On June 9-10, 1972, extremely heavy rains over the eastern Black Hills of South Dakota produced record floods on Rapid Creek and other streams in the area, overtopping dams and killing 238 people.
This is the first study to focus on changes in the heaviest possible rain or snowstorms, and it builds upon the findings of previous research that found that extreme precipitation events are already becoming more common in some parts of the world, and that global warming has increased the odds of particular flooding events, such as record flooding that struck parts of England and Wales in 2000.
The study examined changes in what is known as the “potential maximum precipitation,” which is the maximum amount of precipitation that is “potentially possible” in a particular area given ideal conditions.
That calculation is not something that will be familiar to viewers of the daily TV weather report, but it helps engineers guide infrastructure planning for dams and other water management structures, many of which are constructed to last 50 to 100 years.
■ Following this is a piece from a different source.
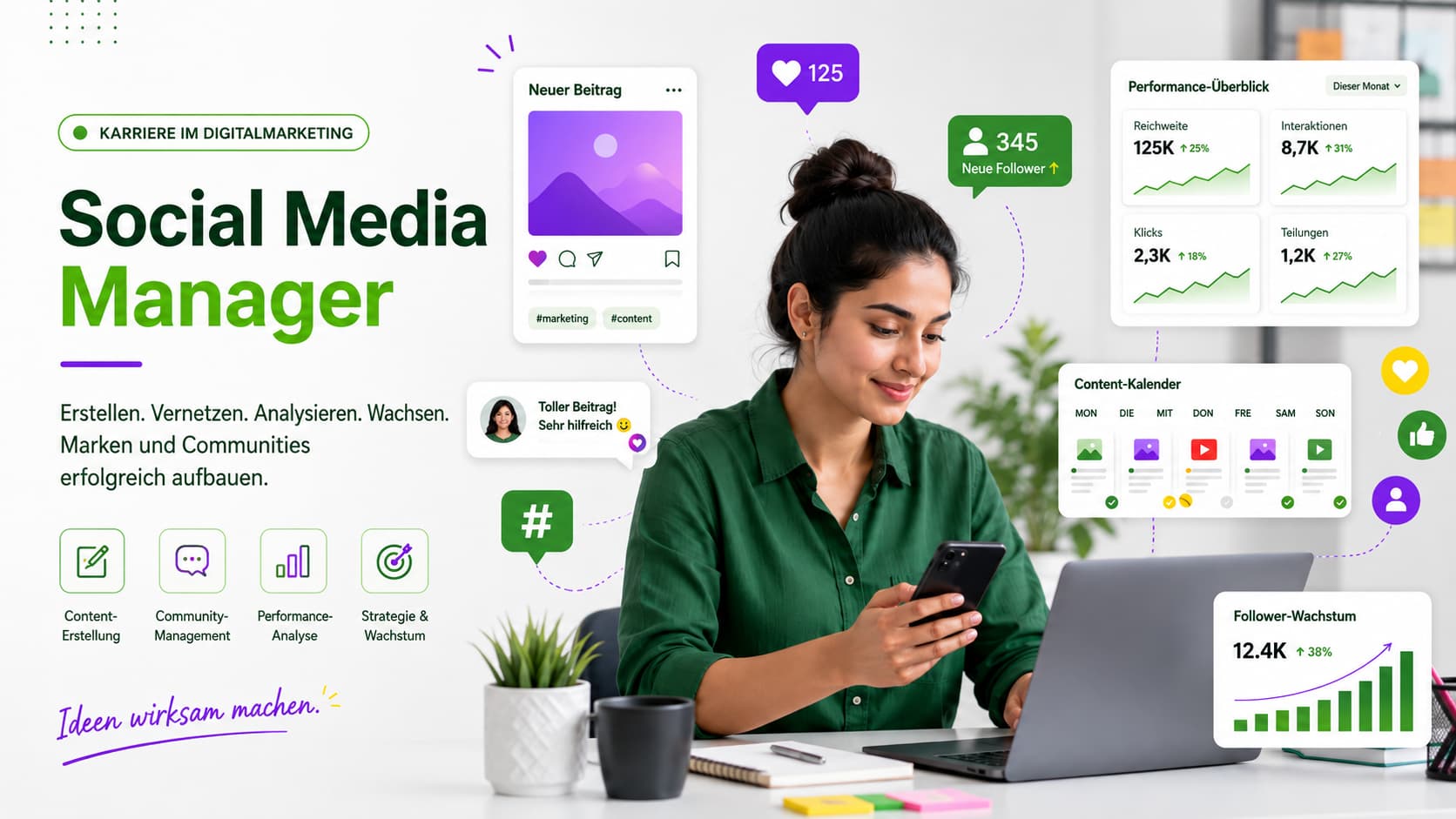 Social Media Managerin arbeitet am Laptop und Smartphone, umgeben von Social-Media-Icons, Content-Kalender und Performance-Dashboards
Many of the dams and levees in use today along the Mississippi River were designed in the early 1900s, for example.
“We looked very specifically at the biggest storms,” said Kenneth Kunkel, a senior research professor at North Carolina State University’s Cooperative Institute for Climate and Satellites and lead author of the study. “What we’re saying is the big event on the extreme tail of the distribution . . . that event is likely to be bigger by the end of this century; quite a bit bigger.”
The paper looked at three factors that can affect the potential maximum precipitation: the amount of moisture, or water vapor, in the atmosphere, the vertical motion of air, and horizontal winds. The researchers used climate models to simulate how increasing amounts of greenhouse gases in the atmosphere, such as carbon dioxide, would alter those factors. Kunkel said the researchers were particularly interested in seeing whether the other factors would offset the influence of the already observable upward trend in water vapor.
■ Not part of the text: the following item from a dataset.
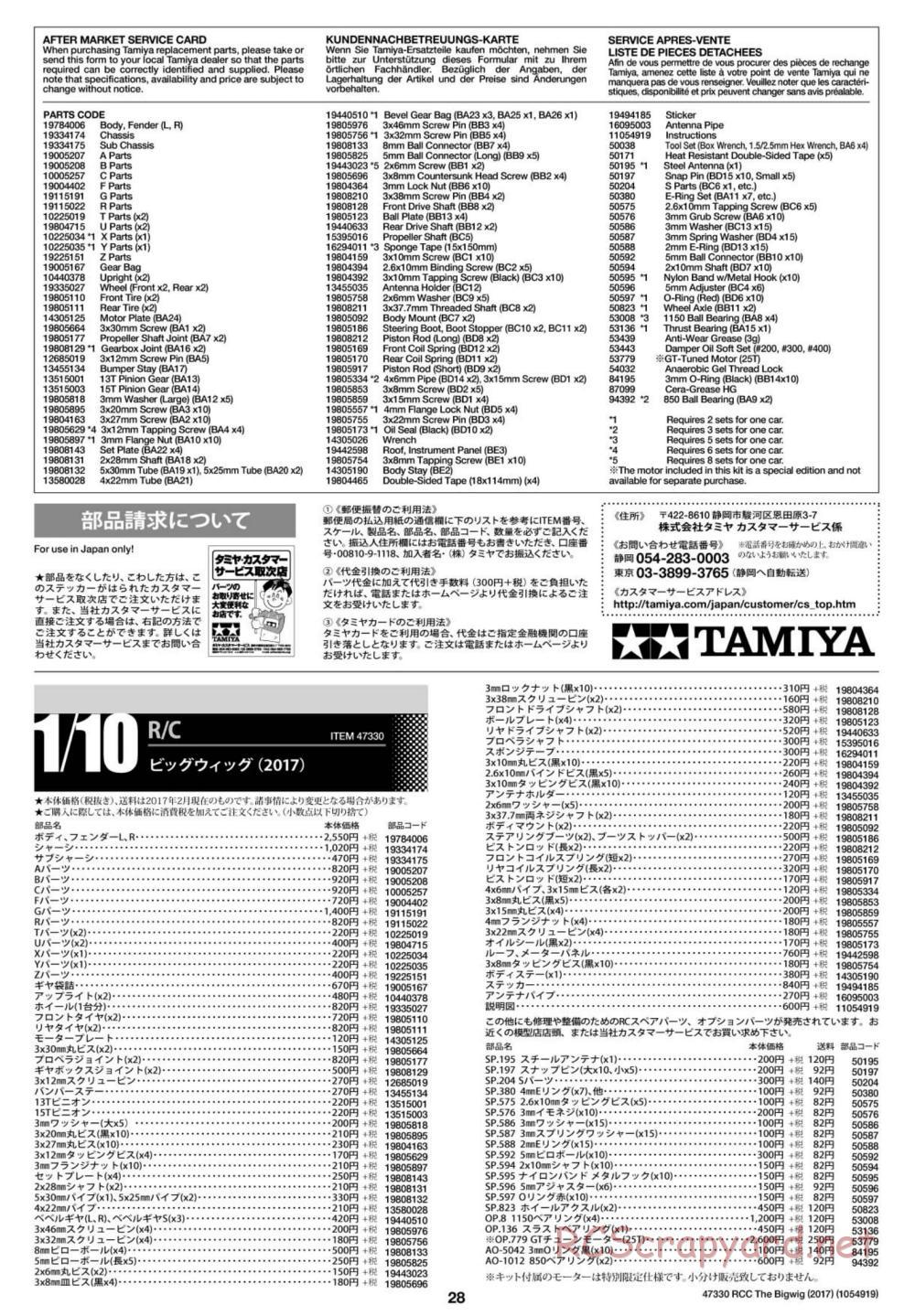 Tamiya - The Bigwig 2017 Chassis - Manual - Page 28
The study found just the opposite — the only factor that will change significantly in a warming world is the maximum moisture in the air, and it won’t be counterbalanced by changes in the other variables.
Using climate models that incorporated two different scenarios of future greenhouse gas emissions, the researchers found that the largest precipitation events could be as much as 20 to 30 percent larger across the lower 48 states by the 2071-2100 period. The biggest increases are slated for the West, the study found, although the maximum precipitation values are generally lower in the West than they are in the more humid eastern half of the country.
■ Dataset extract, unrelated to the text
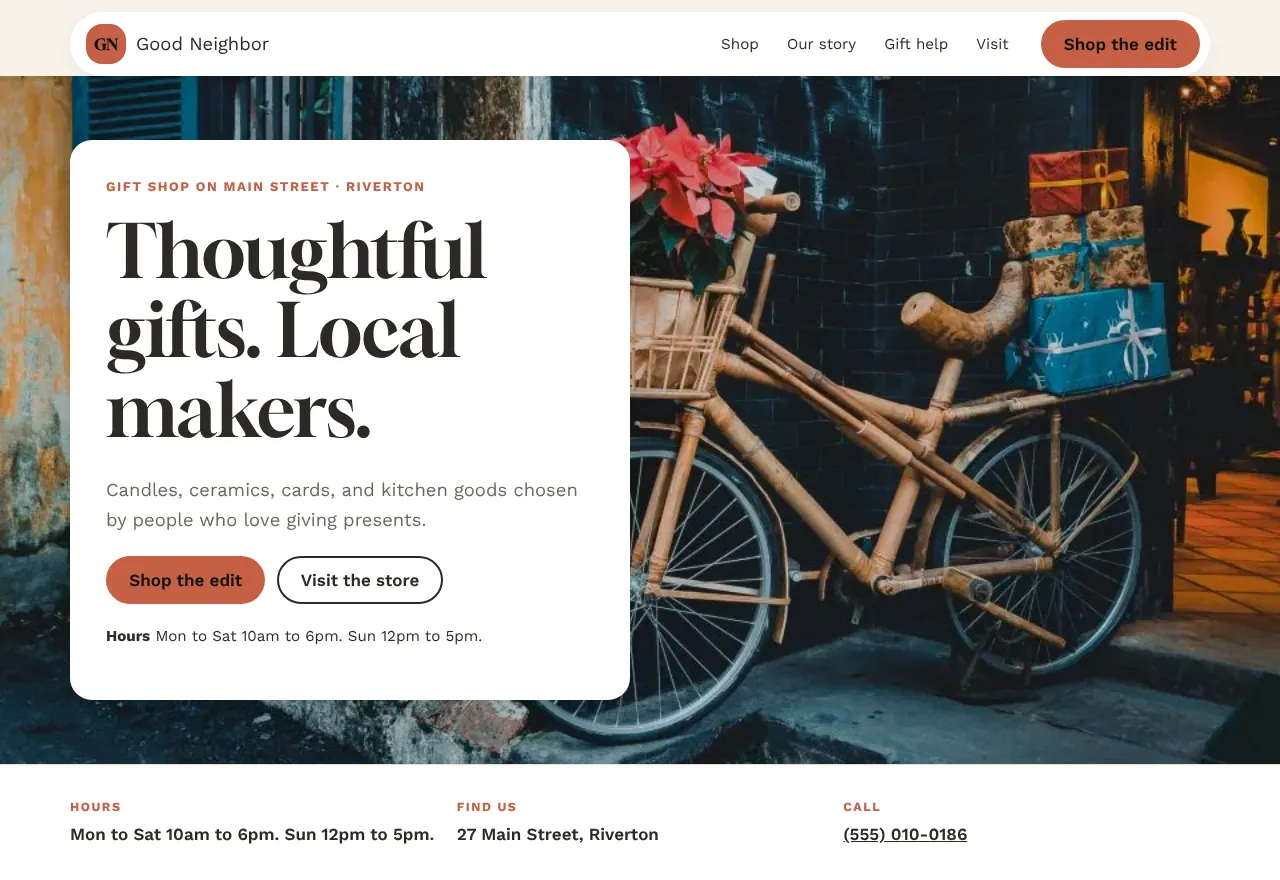 Screenshot of the example website Good Neighbor Goods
Heavy precipitation events are already becoming more frequent and/or severe in parts of the U.S. This chart shows extremes in 1-day precipitation in the Northeast during the Fall season.
Click image to enlarge. Credit: NOAA/NCDC.
The study also noted that the plumes of rich, tropical moisture known as “atmospheric rivers,” which have been responsible for many of the historic floods along the West Coast, may grow more intense — making them more analogous to atmospheric rapids.
Dam failures can have catastrophic consequences. In 1889, a dam failure in Pennsylvania killed more than 2,200 people in Johnstown, and more recently, dam and levee failures were responsible for much of the deadly flooding in New Orleans when Hurricane Katrina made landfall in 2005.
Other studies have shown that there already is about 4 percent more water vapor in the air over the planet’s oceans compared to the preindustrial era, which translates into extra moisture for storms of all sizes to wring out as rain or snow. Water vapor is forecast to continue to increase as temperatures rise throughout the rest of the 21st century, since warmer air holds more moisture, and warmer ocean temperatures allow for more evaporation to occur. Published research also shows that global warming may yield wetter and more powerful hurricanes in the North Atlantic Basin, although there may be fewer storms per hurricane season.
How much temperatures and water vapor will go up depends in part on the amount and pace of any greenhouse gas emissions reductions.